→ **TASK MATERIAL**:
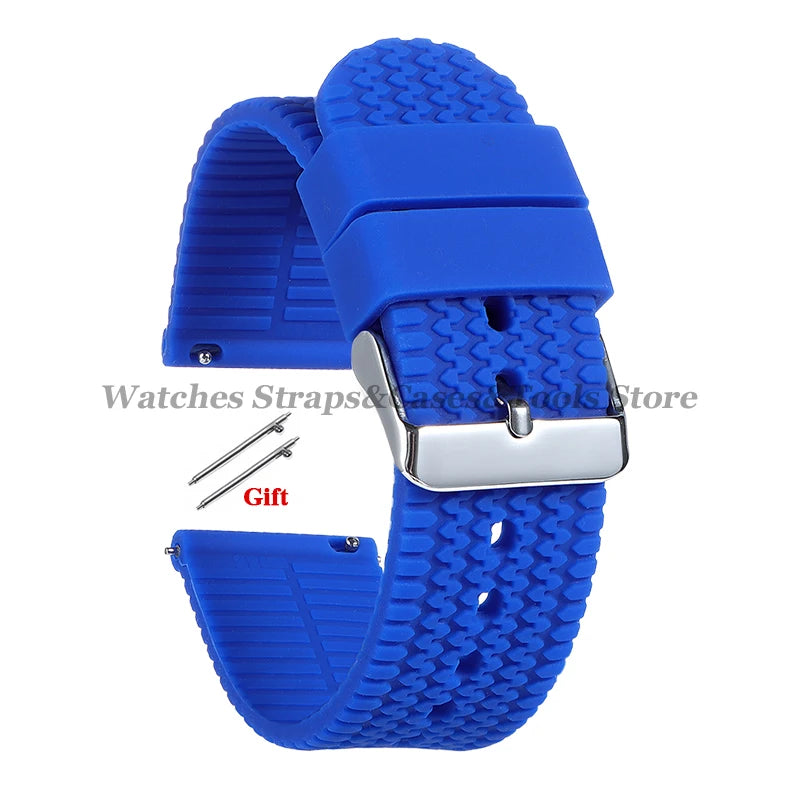 Soft Silicone Watch Bands | Quick Release Rubber Strap for All Watches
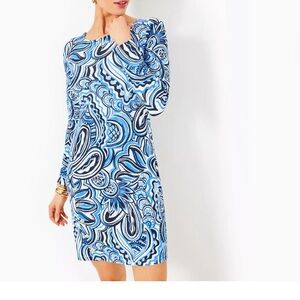 Lilly Pulitzer Maddox Straight Dress-Resort White Give It A Whirl-New In Pack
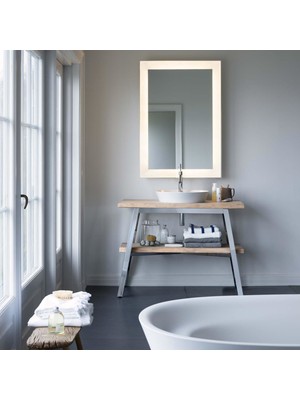 Duravit Cape Cod Duraceram Batarya Banklı Çanak Lavabo Çap 48 cm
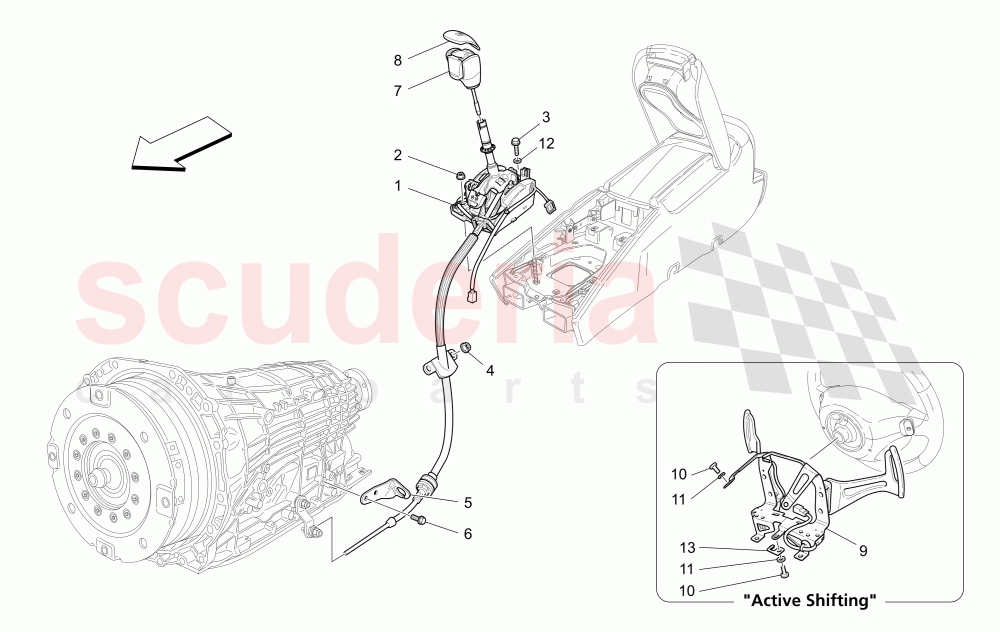 DRIVER CONTROLS FOR AUTOMATIC GEARBOX (Available with: Centennial Edition) of Maserati Maserati GranCabrio (2016+) MC Centennial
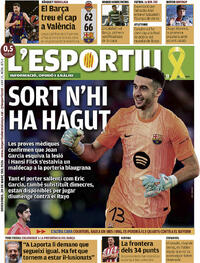 Portada L'Esportiu 2026-03-20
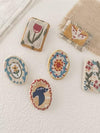 Embroidered Plant Brooch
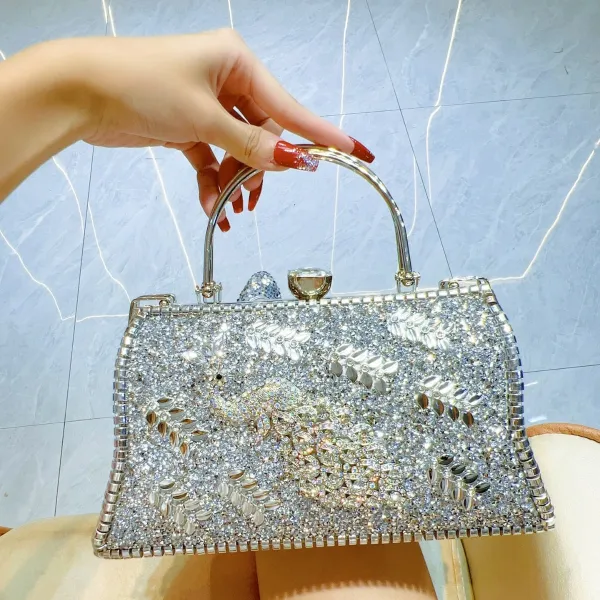 Luxury full diamond hand-held crossbody bag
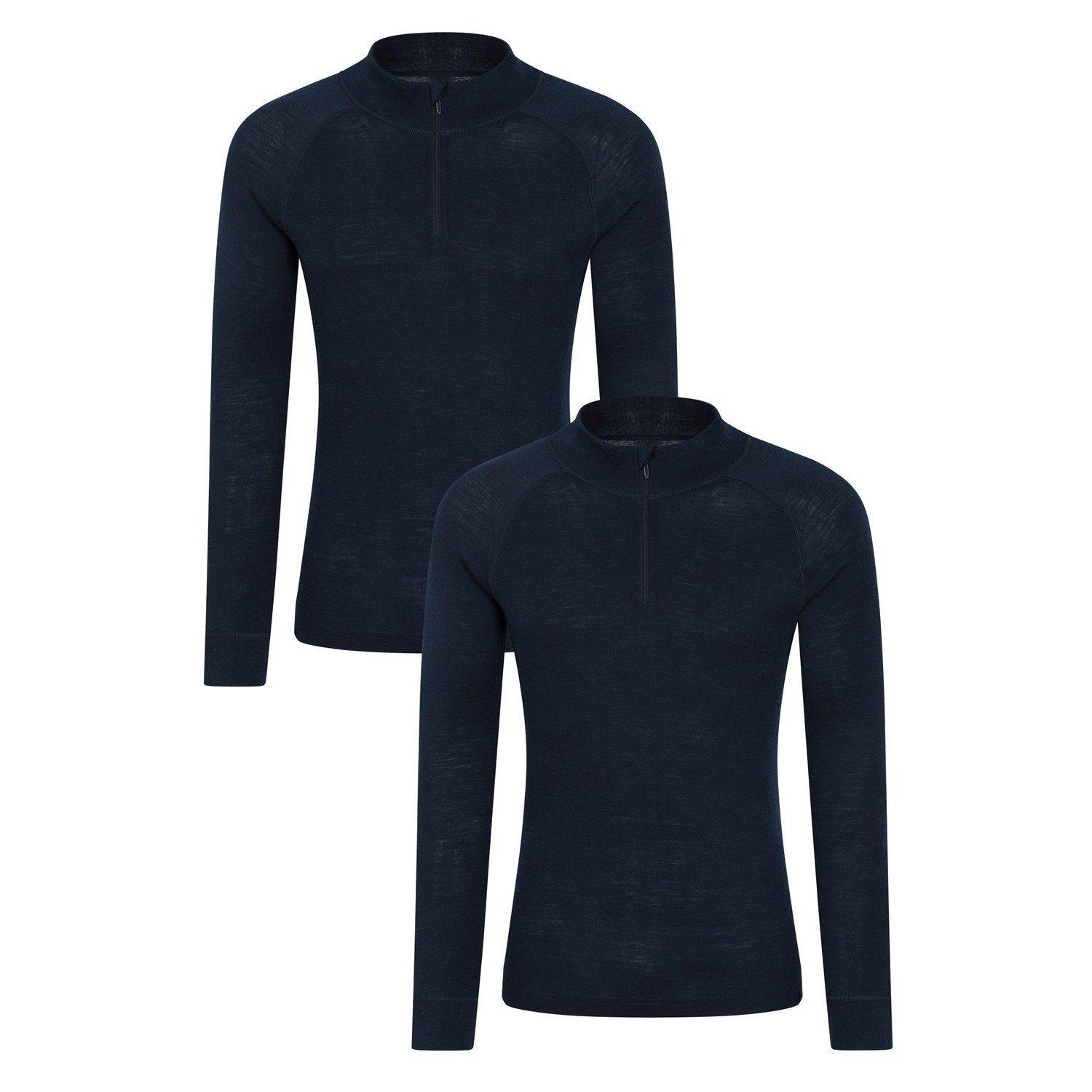 Image of Base Layer Oberteil (2erpack) Herren Marine XXL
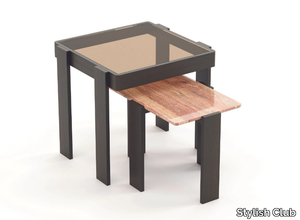 FOZ - Wood and glass coffee table _ Stylish Club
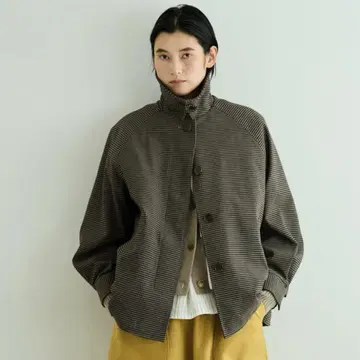 2024 AW LA MARINE FRANCAISE 체크 자켓 블루종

→ **AIM OF THE TASK**: With the pictures dropped, write out all of the entries word for word.

→ **TASK ANSWER**:
 Soft Silicone Watch Bands | Quick Release Rubber Strap for All Watches
 Lilly Pulitzer Maddox Straight Dress-Resort White Give It A Whirl-New In Pack
 Duravit Cape Cod Duraceram Batarya Banklı Çanak Lavabo Çap 48 cm
 DRIVER CONTROLS FOR AUTOMATIC GEARBOX (Available with: Centennial Edition) of Maserati Maserati GranCabrio (2016+) MC Centennial
 Portada L'Esportiu 2026-03-20
 Embroidered Plant Brooch
 Luxury full diamond hand-held crossbody bag
 Image of Base Layer Oberteil (2erpack) Herren Marine XXL
 FOZ - Wood and glass coffee table _ Stylish Club
 2024 AW LA MARINE FRANCAISE 체크 자켓 블루종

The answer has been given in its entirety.